Caminamos primero hacia el oeste y después hacia el sur por una carretera que se enroscaba entre pequeñas colinas. Nos dirigíamos a Batum; desde allí podría bajar directamente hasta Defnascir para intentar recuperar a mi hijo, aunque era evidente que los daneses nos llevaban la delantera. Algunos debían de haber tomado aquel camino el día anterior, pues en el primer pueblo al que llegamos no había gallos cantando, no se oía nada, y lo que al principio había tomado por niebla matutina era humo de las granjas quemadas. Delante se veía aún más humo, lo que sugería que los daneses podían haber llegado ya a la ciudad, que conocían bien porque ya habían negociado allí una de sus treguas. Poco después, por la tarde, una horda de daneses montados apareció en la carretera tras nosotros, y no tuvimos más remedio que escondernos en las colinas al oeste.

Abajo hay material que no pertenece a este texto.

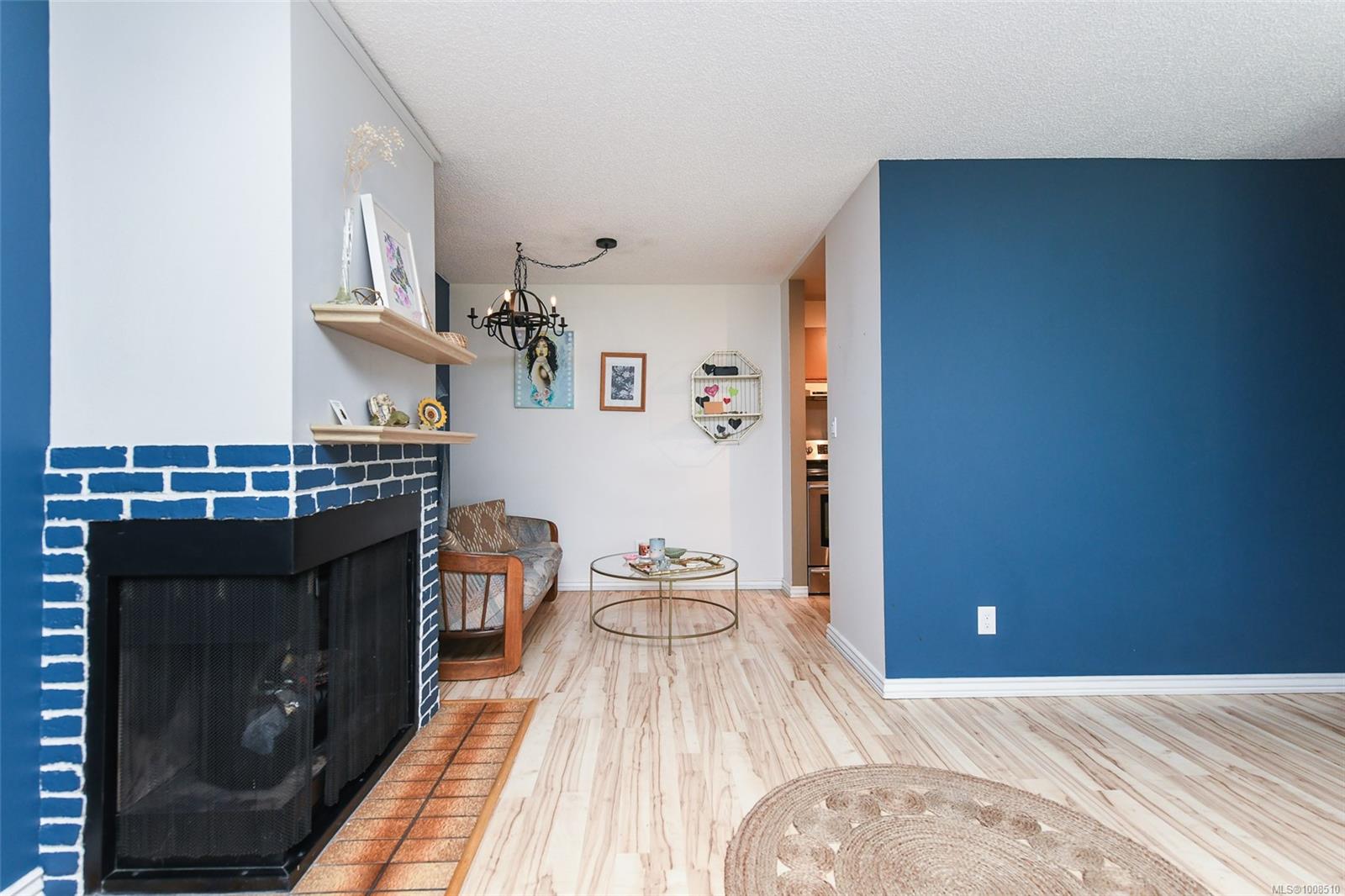 $319,000 - 585 Dogwood St<br>British Columbia, V9W 6T6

Vagamos durante una semana. Buscamos cobijo en casuchas que apenas se mantenían en pie. Algunas estaban desiertas y otras aún contenían gente asustada, pero todos los cortos días de invierno se vieron manchados de humo a medida que los daneses saqueaban Wessex. Un día descubrimos una vaca, atrapada en su corral en una granja por lo demás desierta. La vaca tenía un ternero que mugía desesperadamente, muerto de hambre, y aquella noche nos dimos un banquete de carne fresca. Al día siguiente, no nos pudimos mover porque hacía un frío que pelaba; la lluvia azotaba desde el este, y los árboles se mecían como en agonía, el edificio que nos daba cobijo tenía goteras, la hoguera nos asfixiaba, e Iseult se sentó, con los ojos bien abiertos y vacíos, a observar las llamas.